Kafka — Let’s learn together

According to its official apache page: “Kafka is used for building real-time data pipelines and streaming apps. It is horizontally scalable, fault-tolerant, wicked fast, and runs in production in thousands of companies.”

A small glimpse according to Stackshare.io of whom is using Kafka

Messages are organized into “Topics”. Producers push or publish the messages. Consumers pull the messages. As a consumer you subscribe to a topic to get the messages. Kafka runs in a cluster, each node is referred to as a broker.

A topic can have multiple partitions which are spread across multiple brokers. You can parallelize the consumers to pull from different topic partition.
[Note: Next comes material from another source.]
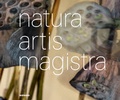 Cover: Natura Artis Magistra. Naturmaterialien in der zeitgen&ouml;ssischen Kunst - Wienand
Each partition is essentially a log file written sequentially. You can dictate the amount of time to store the data. Each broker has many partitions which can be replicated across additional brokers.

Each partition has a leader, which is where writes are sent to . Consistency and availability can be set .

When a consumer consumes a message from Kafka it uses the message offset to keep track of what messages have been consumed. It it consumes the first 50 messages in a topic, when new messages come in it will start at 50th offset key and start consuming those unread messages.

Consumer Groups are comprised of multiple consumers. Each consumer receives a unique partition of data that is processed as an entire group which allows for horizontal scaling.

ZooKeeper in short is used to make sure all the moving pieces of a Kafka cluster work together seamlessly. It helps with synchronization across all brokers and keeps track of broker system state (heartbeats), replication, and manages broker topic registries.